To my fellow Christians…
I have read somewhere recently that the City of Orlando wants to make a memorial of the nightclub where 49 gay men and women were massacred by a lone gunman. I felt a series of conflicting thoughts and ideas at this news and I have decided to write this message as a result.
The first emotion I felt was apprehension. It was not the fear of a Christian hearing that a memorial was being made to an idea that conflicted with his religious principles. It was the fear that others who claimed to also be Christians would try to resist the city’s decision. I feared that there would be protests made by those who believed they were doing the right thing, but who were only making a mockery of the Christian faith.
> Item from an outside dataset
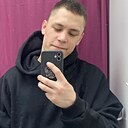 Знакомства: Aleksei, 20 лет, Каменск-Уральский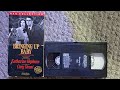 Opening To Bringing Up Baby 1989 Vhs Overplayed Vhs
This led me to an important realization. I realized that, despite Christianity’s view of homosexuality, we need the Orlando Night Club Memorial to be made. Not necessarily because of our interpretations of scripture concerning this issue, but because we have forgotten several seemingly unrelated aspects of it. We as a religion have sought to forget our own status as sinners even though the central theme of our beliefs is that we are all born in a broken way. We strive to forget that deep down we are all born with some inherent imperfection that causes us to act sinfully. And to this end, we have targeted a group of individuals who have had the misfortune of being born with certain traits that many believe are a symptom of sin. Traits that can be easily categorized and grouped together so that we who do not share those traits can say, “We are holier than thou by this badge.” The greatest irony I see here is the fact that even if these traits are sinful, they are still no more than one symptom of the inherently sinful nature we all share as human beings.
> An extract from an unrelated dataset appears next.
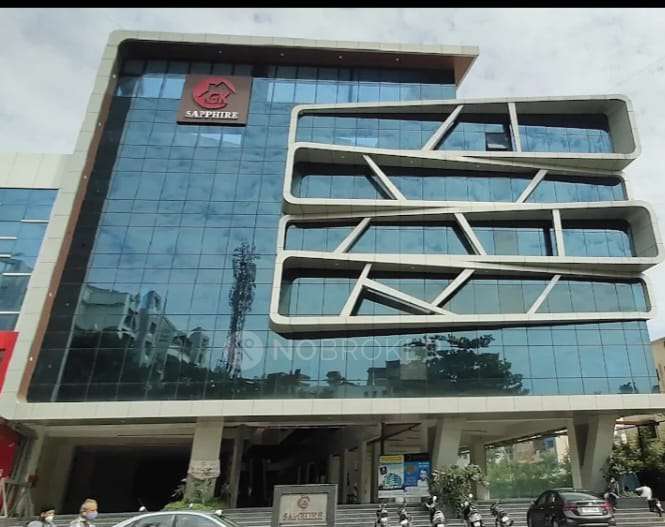 Office Space in Pimple Saudagar, Pune for Rent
Assuming that we are right in labeling homosexuality a sin, we as Christians have committed a crime against nature by using our own mortal authority to declare one sin to be a cardinal flaw. We have allowed the notion that to be born a certain way is to be condemned, to be placed beyond the hope of salvation. We have forgotten the actions of the ancient Pharisees who used their scripture to place themselves above their fellow men on a false pedestal. In emulating these ancient men, it was the Christians of the world who introduced the idea that mankind has the authority to change the gravity of a sin. We used that idea to falsely condemn thousands of men and women long before they sought to use the same idea to alleviate the undue burdens we placed upon them.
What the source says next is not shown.